The bilateral agreement on the repatriation of their citizens was signed between Pakistani Interior Minister Ijaz Shah and Bosnia’s Security Minister Selmo Cikotić. Among the 10,000 illegal migrants stuck in Bosnia on their way to the EU, nearly 3,000 are Pakistanis, according to Cikotić’s predecessor, Fahrudin Radončić.
Just like other illegal migrants, most of them arrived in Europe with human traffickers who charge the migrants thousands of U.S. dollars to smuggle them along routes passing through various countries, including Iran, Turkey, Greece, Macedonia and Serbia.
The migrants risk their lives and expose themselves to organized crime groups while seeking a better life in western and northern Europe. They get stuck in Bosnia at the border to EU member Croatia because Croatian authorities are vigorously guarding their border and forcing them back to Bosnia.
Once they are in Bosnia again, the migrants wait for a while and try to cross into Croatia over and over again in a cat-and-mouse game with the Croatian border police.
The presence of so many Pakistanis in Bosnia recently prompted a diplomatic crisis when Bosnia’s ex-security minister Radončić requested from Bosnia’s Presidency to declare the Pakistani ambassador persona non grata, accusing him of refusing to cooperate in the repatriation of his citizens.

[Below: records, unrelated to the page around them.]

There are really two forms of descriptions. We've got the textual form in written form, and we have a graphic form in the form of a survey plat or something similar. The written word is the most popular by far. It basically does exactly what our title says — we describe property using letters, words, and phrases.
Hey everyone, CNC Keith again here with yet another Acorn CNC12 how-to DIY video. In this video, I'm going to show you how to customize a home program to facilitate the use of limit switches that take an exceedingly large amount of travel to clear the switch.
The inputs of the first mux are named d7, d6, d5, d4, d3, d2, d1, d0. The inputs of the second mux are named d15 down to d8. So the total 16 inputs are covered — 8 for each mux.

His request was rejected.
Meanwhile, Bosnian border police in April asserted that some Pakistanis have been falsely issued visas by the Bosnian embassy in Islamabad, which allowed them to cut short the large stretch from Pakistan to Europe and land at the Sarajevo airport.
Minister Shah said that Pakistan was aware of the illegal migrants problem which is caused by people’s desire to search for better economic opportunities.

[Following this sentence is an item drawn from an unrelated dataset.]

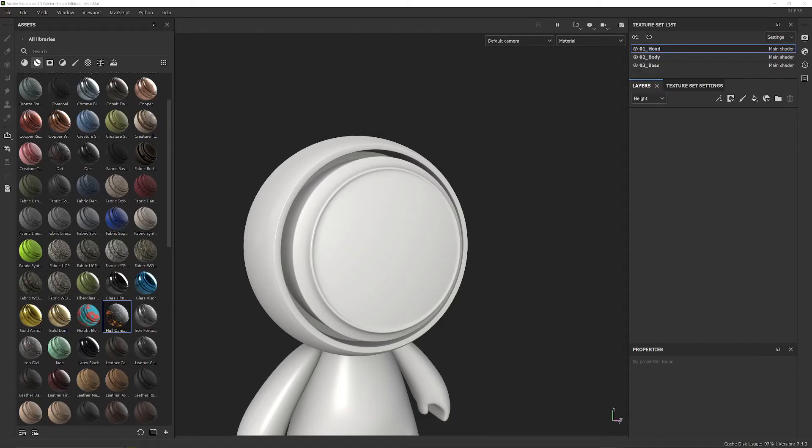Hey everyone, welcome to my guide on how to use anchor points in Substance Painter.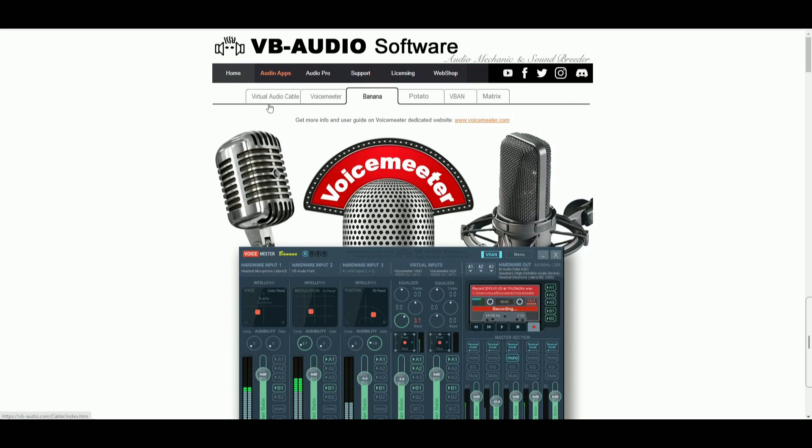Hey guys, we're gonna take a look today at, in my opinion, the best audio software in existence if you are a podcaster, youtuber, gamer, streamer, and it is for 100% free.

“This agreement may not dissuade young Pakistani men, who are facing rising unemployment in an ailing economy, from putting their lives, liberty and meager savings on the line while trying to get to the EU via Bosnia and Herzegovina,” Pakistani legal expert Osama Malik told OCCRP Thursday.
“Nonetheless, as the deportation of these three thousand illegal economic immigrants back to Pakistan begins, it may improve the ties between Pakistan and Bosnia, which had been adversely affected by the arrival of these illegal migrants,” he said.